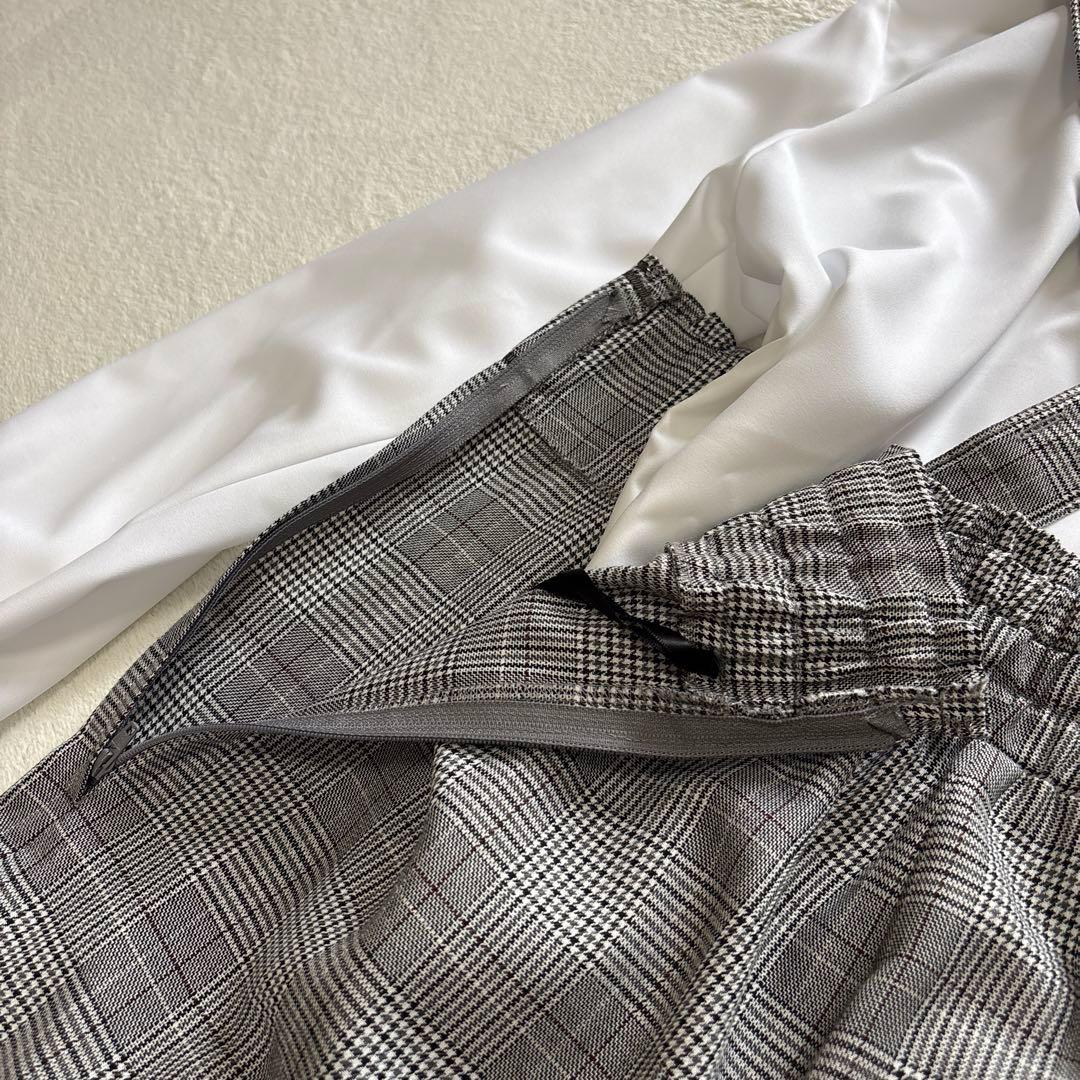 ELLE EN NOIR ブレザーワイドパンツスーツ 150 女の子 5点セット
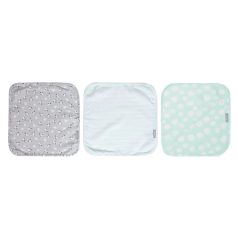 Bébé-Jou 3 db muszlin arctörlő kendő - Lou-Lou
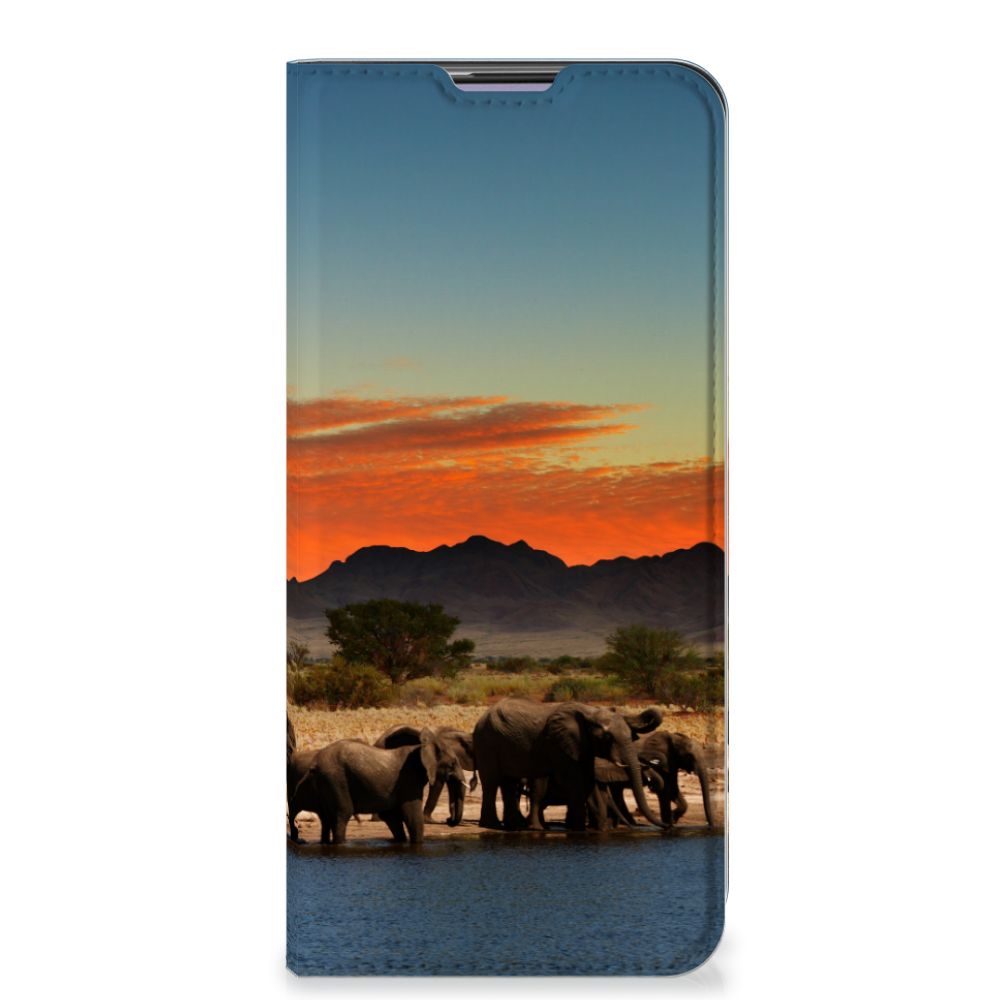 OnePlus Nord CE 5G Hoesje maken Olifanten - B2C Telecom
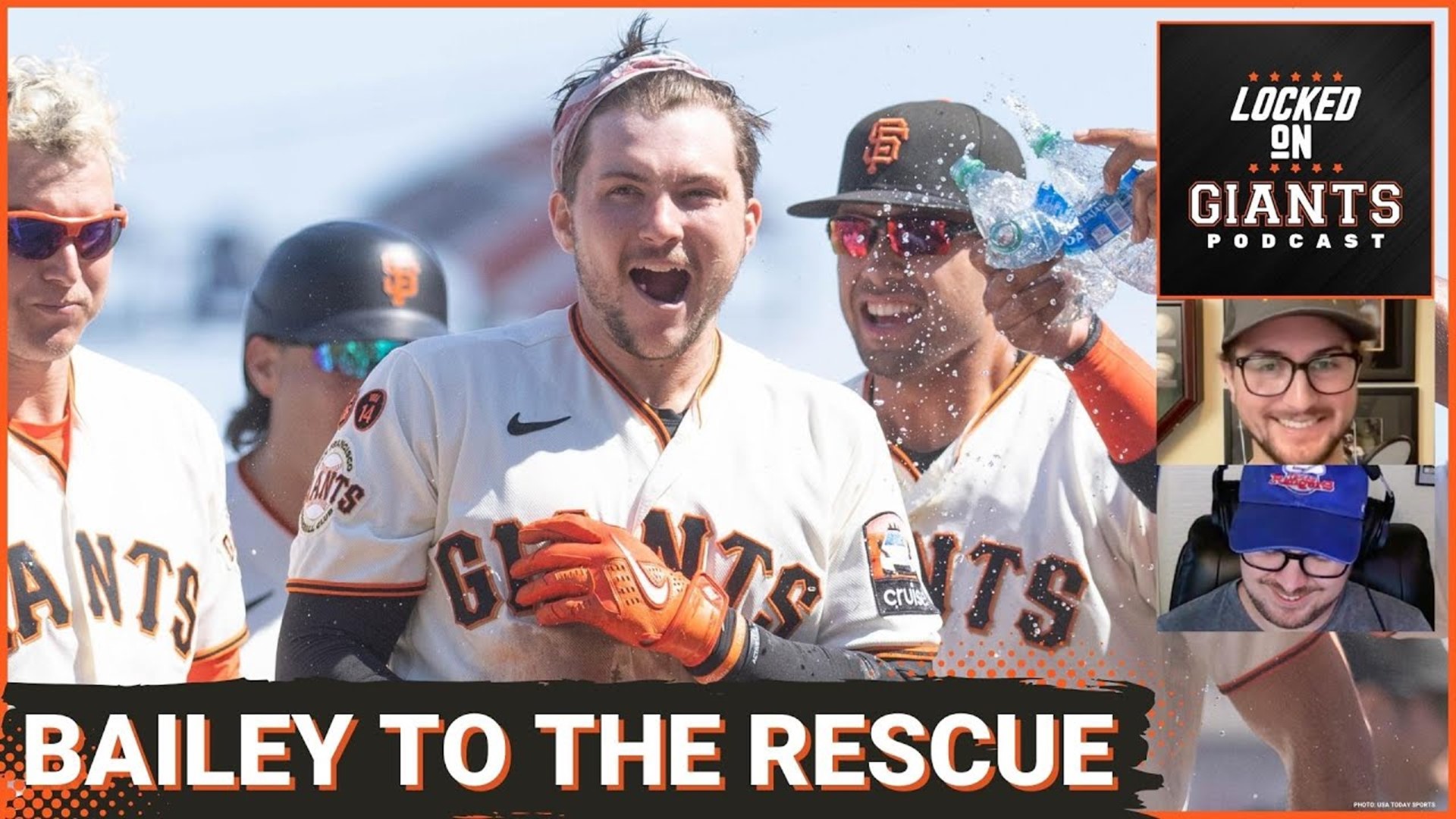 Down to final out, Patrick Bailey rescues SF Giants with miraculous walk-off homer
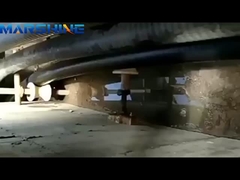 US MEX7 Υψόδεμα καλωδίων Σχοινί ράβδου Κουμπί μικρού κυλίνδρου νάιλων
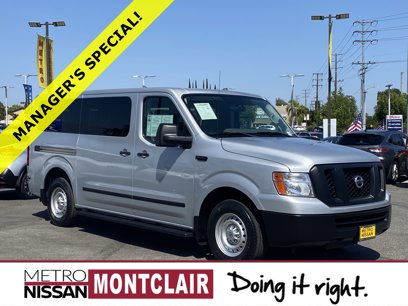 Used 2017 Nissan NV 3500 S w/ Power Package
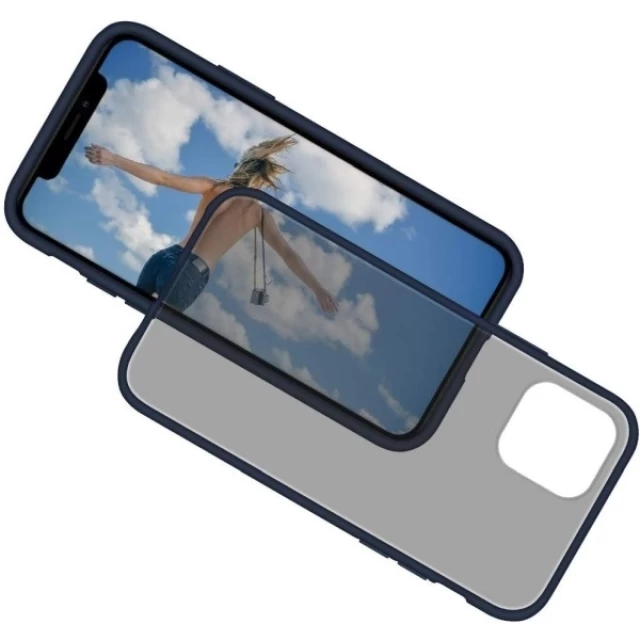 Чехол Mercury Peach Garden для Samsung Galaxy Note 10 Plus (N975) Navy (8809661865933)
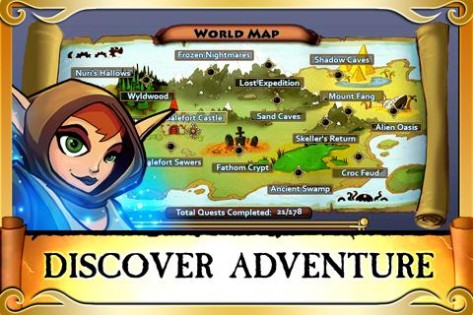 Pocket Legends 2.6.12. Скриншот 18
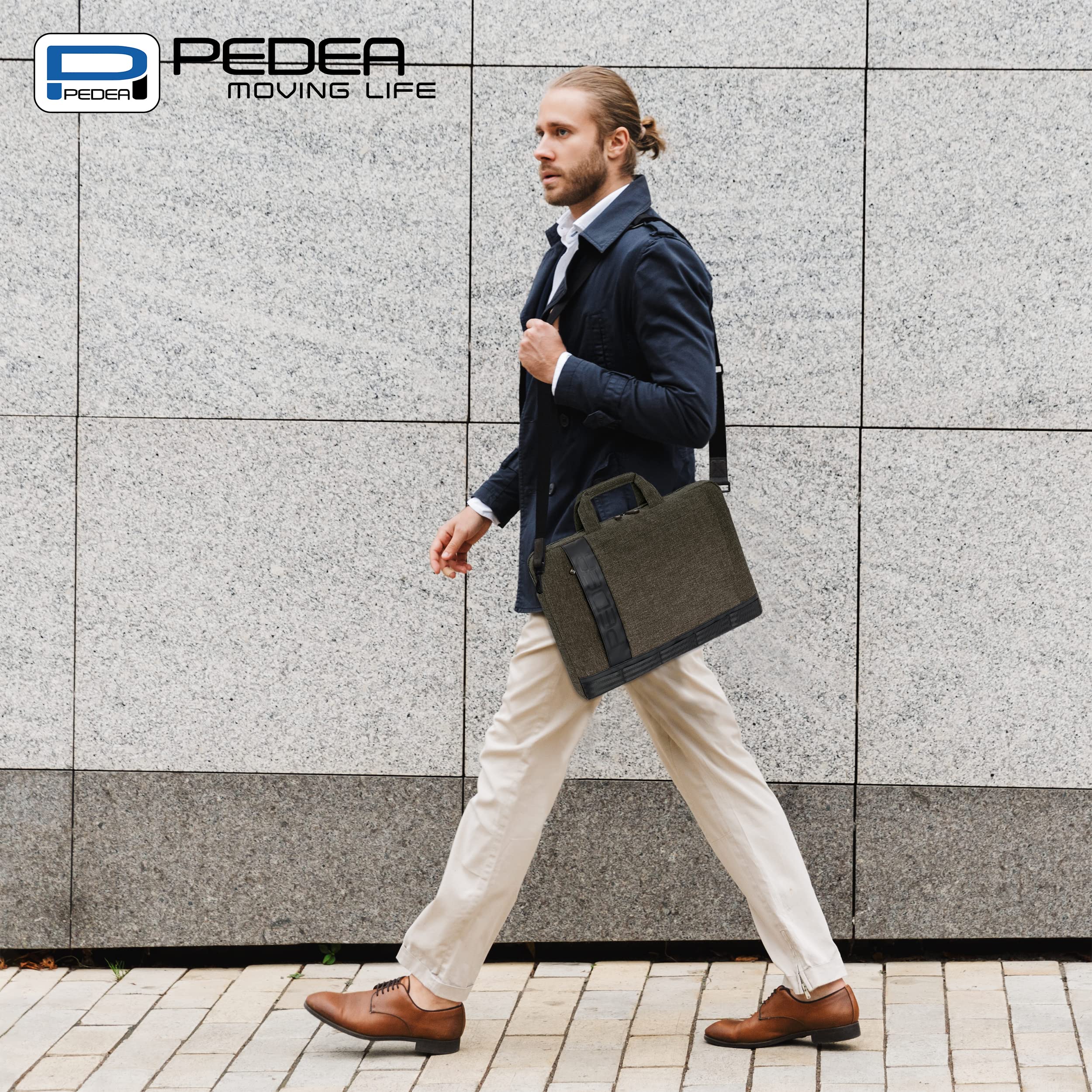 Pedea sac ordinateur portable 15,6 pouces beige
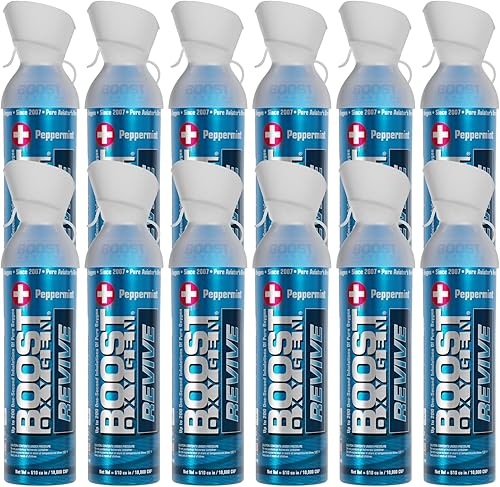 Miniatura 9 de Boost Oxygen - Natural, 22 floz Tamaño grande, paquete de 6, verde, grande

## Directions
Output the records exactly. Drop the images.

## Output
 ELLE EN NOIR ブレザーワイドパンツスーツ 150 女の子 5点セット
 Bébé-Jou 3 db muszlin arctörlő kendő - Lou-Lou
 OnePlus Nord CE 5G Hoesje maken Olifanten - B2C Telecom
 Down to final out, Patrick Bailey rescues SF Giants with miraculous walk-off homer
 US MEX7 Υψόδεμα καλωδίων Σχοινί ράβδου Κουμπί μικρού κυλίνδρου νάιλων
 Used 2017 Nissan NV 3500 S w/ Power Package
 Чехол Mercury Peach Garden для Samsung Galaxy Note 10 Plus (N975) Navy (8809661865933)
 Pocket Legends 2.6.12. Скриншот 18
 Pedea sac ordinateur portable 15,6 pouces beige
 Miniatura 9 de Boost Oxygen - Natural, 22 floz Tamaño grande, paquete de 6, verde, grande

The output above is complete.